- Two US aircraft were dispatched as a "show of force" to get the Syrian vehicles to turn around
- An official said at this time it is not clear if the strike was intended as a warning
The statement said the pro-regime militias "posed a threat to US and partner forces at At Tanf," a remote base in southern Syria near the Syria-Jordan-Iraq border that coalition advisers have used to train "Vetted Syrian Opposition" to aid the fight against ISIS.
Two US aircraft were dispatched as a "show of force" to get the Syrian vehicles to turn around, according to a US official.
The official statement said that the vehicles did not stop despite the show of force and warning shots.
A second US defense official said an airstrike hit the convoy after the vehicles continued toward the base, striking an enemy tank and bulldozer, or front loader-type vehicle.

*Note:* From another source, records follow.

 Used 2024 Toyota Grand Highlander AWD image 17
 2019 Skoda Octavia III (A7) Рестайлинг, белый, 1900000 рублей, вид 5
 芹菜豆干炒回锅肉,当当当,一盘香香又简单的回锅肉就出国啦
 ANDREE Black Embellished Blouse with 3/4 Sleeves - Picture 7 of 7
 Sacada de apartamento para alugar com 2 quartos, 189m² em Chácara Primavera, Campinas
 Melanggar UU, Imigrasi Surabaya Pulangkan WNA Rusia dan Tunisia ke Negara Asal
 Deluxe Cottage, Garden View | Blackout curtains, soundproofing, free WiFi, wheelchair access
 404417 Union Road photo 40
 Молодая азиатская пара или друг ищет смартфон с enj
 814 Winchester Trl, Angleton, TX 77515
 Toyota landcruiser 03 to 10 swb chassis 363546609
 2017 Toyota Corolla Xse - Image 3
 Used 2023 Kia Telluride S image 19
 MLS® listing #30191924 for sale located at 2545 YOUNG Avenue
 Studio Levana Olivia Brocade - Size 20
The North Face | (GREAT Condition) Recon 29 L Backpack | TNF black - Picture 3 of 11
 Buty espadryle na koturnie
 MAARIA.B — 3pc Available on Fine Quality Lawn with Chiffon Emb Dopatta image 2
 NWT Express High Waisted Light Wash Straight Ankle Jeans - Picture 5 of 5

The airstrikes were considered to be carried out in "self-defense" given the militias' proximity to a base used by elite US and coalition troops. Such deliberate airstrikes against pro-regime forces are extremely rare, with the last such strike being carried out in April in retaliation for the use of chemical weapons.
Pro-Assad Shia militias backed by Iran have historically operated in that area.
A convoy of 20 pro-regime vehicles were headed toward At Tanf Wednesday night, searching vehicles and buildings along the way, according to a US official. Thirteen of the vehicles breached the "de-confliction zone" around the base that is the area that the coalition has communicated to the Russians and their regime alliesto stay away from. The official said five of the vehicles came within 29 kilometers of the base at about midnight EST Thursday when the aircraft were dispatched.
The official statement said that Russia had made "apparent" attempts to "dissuade Syrian pro-regime movement south toward At Tanf," but that those efforts were "unsuccessful."
There is a Syrian regime base nearby, the official said, adding that forces there are equipping to handle about a battalion's worth of troops.